Another exemplary provision in Kenyan electoral law is the out-of-country voting provision. According to IEBC, out-of-country voting is allowed for the presidential election only. Kenyan voters outside the country may only vote from 12 countries, chosen based on the number of Kenyans who live there. The countries are Tanzania, Uganda, Rwanda, Burundi, South Africa, South Sudan, Germany, United Kingdom, Qatar, United Arab Emirates, Canada and the US. A total of 10,444 diaspora voters, who registered for 2022 elections, are expected to have voted yesterday at their country’s consulates and embassies in those countries. It is quite unfortunate that despite the enormous contributions of Nigerians in Diaspora to the country’s economy and image laundry, they have no say in determining the political leadership of their fatherland except they take the cumbersome option of travelling down to Nigeria to register and later to vote.
It is interesting to note that there is a provision for independent candidacy in Kenya. Thus, you need not belong to any political party to run for political office in the land of safaris. Not only that but prisoners can also vote in Kenya, however, this is only in the presidential election. Information has it that 7,483 voters were expected to vote in prisons across Kenya yesterday. There you are! Kenya leads the way in political inclusion not only for women but also for her prisoners and diaspora population.
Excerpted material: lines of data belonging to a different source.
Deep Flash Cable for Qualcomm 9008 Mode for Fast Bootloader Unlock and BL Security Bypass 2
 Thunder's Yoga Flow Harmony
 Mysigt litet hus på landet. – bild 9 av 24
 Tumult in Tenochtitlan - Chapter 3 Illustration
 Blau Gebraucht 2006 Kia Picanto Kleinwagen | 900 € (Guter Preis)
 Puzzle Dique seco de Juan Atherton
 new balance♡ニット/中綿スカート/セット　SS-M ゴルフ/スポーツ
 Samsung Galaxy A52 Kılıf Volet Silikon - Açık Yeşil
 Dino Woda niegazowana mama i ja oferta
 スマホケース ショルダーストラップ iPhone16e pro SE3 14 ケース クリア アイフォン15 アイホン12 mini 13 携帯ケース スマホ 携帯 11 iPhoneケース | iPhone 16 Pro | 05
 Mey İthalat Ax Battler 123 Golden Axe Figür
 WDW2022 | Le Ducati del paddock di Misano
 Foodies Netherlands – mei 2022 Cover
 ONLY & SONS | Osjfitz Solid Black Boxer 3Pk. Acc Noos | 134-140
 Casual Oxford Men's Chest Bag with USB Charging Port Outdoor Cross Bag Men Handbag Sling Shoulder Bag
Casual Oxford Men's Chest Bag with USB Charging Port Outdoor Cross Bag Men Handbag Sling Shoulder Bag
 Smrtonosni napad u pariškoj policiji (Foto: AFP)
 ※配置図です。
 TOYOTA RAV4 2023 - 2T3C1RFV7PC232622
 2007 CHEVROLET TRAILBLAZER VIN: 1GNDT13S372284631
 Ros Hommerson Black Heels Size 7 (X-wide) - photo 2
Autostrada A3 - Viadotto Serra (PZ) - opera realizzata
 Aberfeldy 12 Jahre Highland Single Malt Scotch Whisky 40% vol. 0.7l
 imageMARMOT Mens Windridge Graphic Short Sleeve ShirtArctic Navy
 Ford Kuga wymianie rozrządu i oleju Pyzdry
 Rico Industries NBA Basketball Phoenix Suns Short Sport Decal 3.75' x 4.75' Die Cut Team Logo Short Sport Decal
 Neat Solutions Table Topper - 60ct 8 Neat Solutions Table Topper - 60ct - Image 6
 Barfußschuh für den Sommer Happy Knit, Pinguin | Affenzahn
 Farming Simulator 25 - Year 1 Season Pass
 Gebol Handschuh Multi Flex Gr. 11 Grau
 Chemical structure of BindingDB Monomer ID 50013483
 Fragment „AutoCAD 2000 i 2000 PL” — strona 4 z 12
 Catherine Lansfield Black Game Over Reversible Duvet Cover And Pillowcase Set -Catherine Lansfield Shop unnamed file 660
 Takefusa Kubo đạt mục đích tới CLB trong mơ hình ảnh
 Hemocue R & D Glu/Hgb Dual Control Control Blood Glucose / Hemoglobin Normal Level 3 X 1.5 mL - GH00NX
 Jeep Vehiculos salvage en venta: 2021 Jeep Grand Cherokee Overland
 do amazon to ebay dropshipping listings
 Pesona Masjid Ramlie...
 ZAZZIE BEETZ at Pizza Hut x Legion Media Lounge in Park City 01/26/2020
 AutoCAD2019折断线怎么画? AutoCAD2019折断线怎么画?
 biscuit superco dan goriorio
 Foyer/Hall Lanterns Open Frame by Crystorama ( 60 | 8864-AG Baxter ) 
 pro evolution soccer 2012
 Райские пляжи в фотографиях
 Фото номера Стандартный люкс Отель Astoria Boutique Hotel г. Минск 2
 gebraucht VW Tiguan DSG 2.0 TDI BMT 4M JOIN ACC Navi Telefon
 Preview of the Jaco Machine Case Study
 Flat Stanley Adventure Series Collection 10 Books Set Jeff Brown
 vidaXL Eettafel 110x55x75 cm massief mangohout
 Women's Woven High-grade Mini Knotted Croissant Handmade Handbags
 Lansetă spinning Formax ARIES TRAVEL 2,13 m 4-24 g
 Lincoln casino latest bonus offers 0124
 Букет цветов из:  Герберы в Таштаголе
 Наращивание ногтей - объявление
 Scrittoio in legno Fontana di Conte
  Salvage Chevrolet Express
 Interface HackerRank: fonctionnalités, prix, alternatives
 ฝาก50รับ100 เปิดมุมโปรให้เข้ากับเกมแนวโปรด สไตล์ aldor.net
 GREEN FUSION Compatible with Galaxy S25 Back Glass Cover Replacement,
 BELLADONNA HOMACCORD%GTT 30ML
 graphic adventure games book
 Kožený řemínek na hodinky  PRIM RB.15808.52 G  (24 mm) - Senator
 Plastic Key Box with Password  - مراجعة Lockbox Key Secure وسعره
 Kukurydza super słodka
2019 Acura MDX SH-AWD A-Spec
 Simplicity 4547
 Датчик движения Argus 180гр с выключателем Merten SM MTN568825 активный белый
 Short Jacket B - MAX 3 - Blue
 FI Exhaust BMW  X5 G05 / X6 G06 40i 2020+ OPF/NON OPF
Unlike Nigeria where elections are held for just six hours, in Kenya, it is 12 hours. Elections held yesterday from 6am to 6pm! That’s still a feat my dear motherland dreams of. The Kenyan constitution stipulates that for one to win the presidential election, a candidate must receive over 50 per cent of the total votes cast and at least 25 per cent of the votes in at least 24 of the 47 counties. A runoff is scheduled within 30 days of the first election if no candidate receives more than half of the votes cast in the election and at least 25 per cent of the votes cast in 24 counties.
It is very interesting to note that Electoral Dispute Resolution is diffused across a range of institutions and processes in Kenya to handle different types of issues. Institutions include the IEBC, Political Parties Disputes Tribunal, Office of the Director of Public Prosecutions and the judiciary. This is commendable and worthy of emulation because these multiple institutions will help to decongest the court, which is the only institution that resolves election disputes in Nigeria.
Similar to the US election, which is held on the first Tuesday in November of the election year, the constitution of Kenya requires the general election to be held on “the second Tuesday in August, in every fifth year.” This makes the election date known and sacrosanct. This is very much unlike Nigeria where the Independent National Electoral Commission is the body that determines the date of election, a date which is often not held sacred due to serial postponement of the general elections.
Another exemplary thing from Kenya is the five-year term of office, unlike in Nigeria whose term is four years. I am of the considered view that it is worth having the Nigerian term of office amended to be a maximum of two terms of five years each. This will save the country resources from holding too frequent elections.